A propaganda é até engraçadinha, mas o que aquele anão vestido de marinheiro tem a ver com o produto? O publicitário secretamente confidencia:

Não tem nada a ver, mas fica mais criativo, conceitual, diferente.

O designer apresenta uma marca gráfica cheia de ornamentos árabes para uma cantina italiana. É só pressionar um pouquinho que ele revela:

É que eu achei legal, tipo assim, fica diferente.

O arquiteto cisma que o projeto precisa ter uma janelinha em um lugar inacessível. E teima.

Pode ir por mim, todo mundo vai gostar, vai ficar diferente.

O webdesigner resolve usar como metáfora para o site uma escavação arqueológica, onde cada item do menu é um pedaço de osso.O cliente acha estranho, o site é de uma imobiliária.

Fica tranqüilo, eu tenho um banco de imagens ótimo de arqueologia. Vai fazer o maior sucesso, não tem nenhum concorrente assim. Seu site vai ficar diferente.

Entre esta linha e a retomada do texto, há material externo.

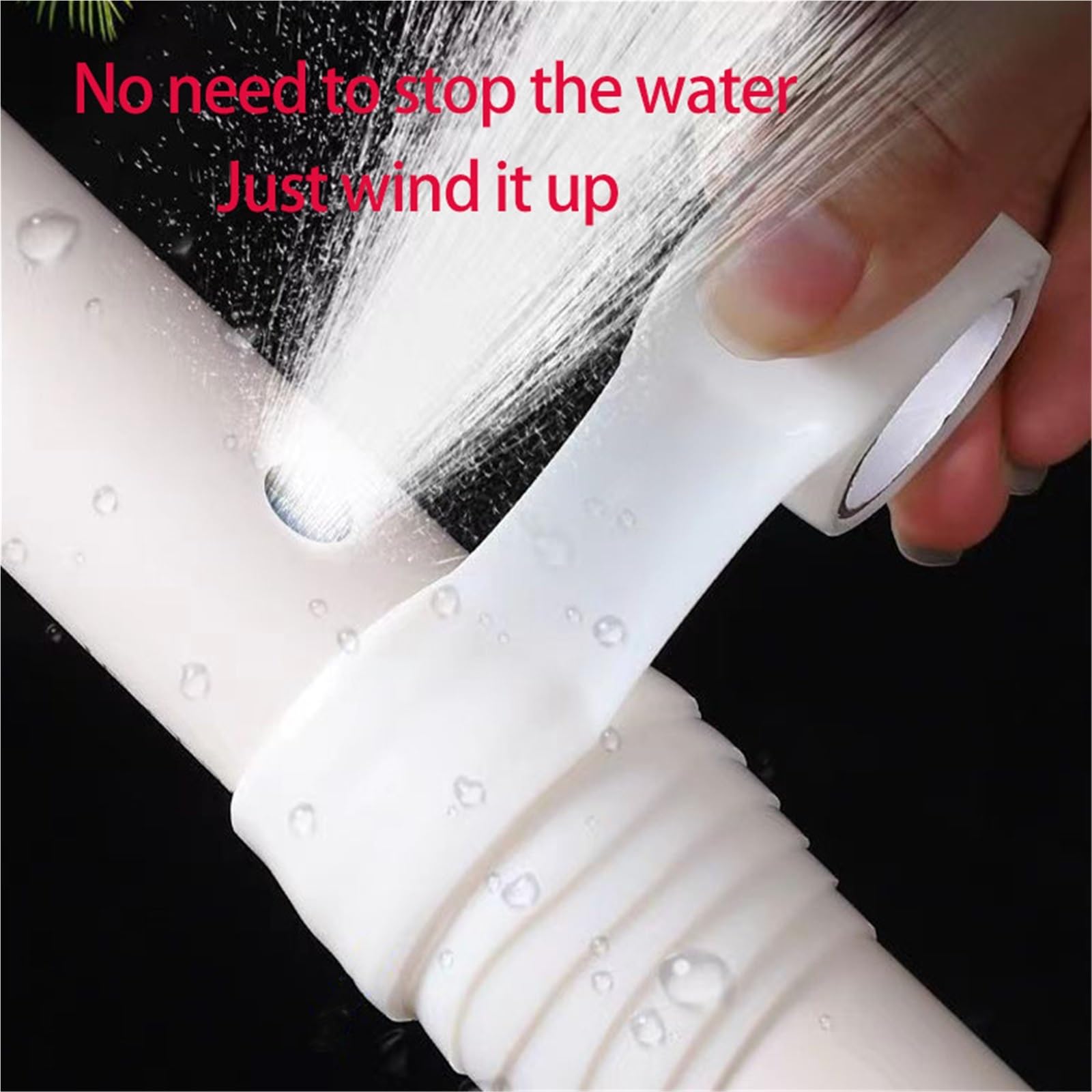 Nastro isolante in gomma siliconica per riparazion Nastro in silicone Multi 1-3.0m HVIns CS SelfFuse WP Riparazione tubi 1-3-5-10R(White-10rolls,3.0M)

A vendedora da loja sugere um cinto que não tem nada ver com você nem com nenhuma das suas roupas. Ante a sua recusa, ela insiste:

Leva, querida, vai ficar diferente.

O vitrinista cria um cenário natalino cheio de cavalos selvagens e orquídeas azuis. O dono da loja estranha.

Deixa de ser careta, seu João. Esse projeto é exclusivo, sua loja vai ser a única diferente.

Os brindes de final de ano da empresa são chaveiros temáticos com ilhas caribenhas. A empresa produz equipamentos odontológicos. O dono explica que o pessoal do marketing foi contra, mas ele queria alguma coisa diferente.

Essa palavra, “diferente” e sua versão mais hype, a tal “diferenciada” carrega armadilhas perigosas. Se um profissional tem uma das duas na ponta da língua, cuidado. A tradução correta de “fiz assim para ficar diferente” é “fiquei com preguiça de pensar, dei uma enrolada e vê se não enche”.

Gente que pensa, projeta, raciocina, sempre tem excelentes argumentos para defender seus projetos. E são argumentos bem diferentes, pode acreditar.

Lígia Fascioni | www.ligiafascioni.com.br

5 Responses

  1. 4 novembro 2008 at 5:18 pm

    Olá, Ligia.
    Postagem perfeita. Adorei.
    Bem diferente! (sem segunda intenção)
    Um abraço,
    Carlos – DecorandoTudo!
    http://badedesign.blogspot.com

  2. 7 novembro 2008 at 4:54 pm

    Antes de ser diferente, é preciso ser original!

    Tudo que existe tem uma razão, se não tem uma razão, não tem porque existir.

  3. Junior Madureira
    Responder
    12 novembro 2008 at 1:53 am

    Muito bom! 😉

  4. 11 janeiro 2011 at 11:50 pm

    Lígia, adoro esse teu texto, sempre lembro dele.
    Não lembro se li em Novembro de 2008, quando tu postaste. Mas lembro de ter comentado na agência (digital) que trabalho e mandado pros mais queridos.
    Hoje, resolvi republicar o texto no meu “blog” (que eu só uso pra guardar textos e citações que acho muito boas. O texto tá lá, com créditos e link pro original. Espero que não se incomode. Parabéns, mais uma vez, pelo texto.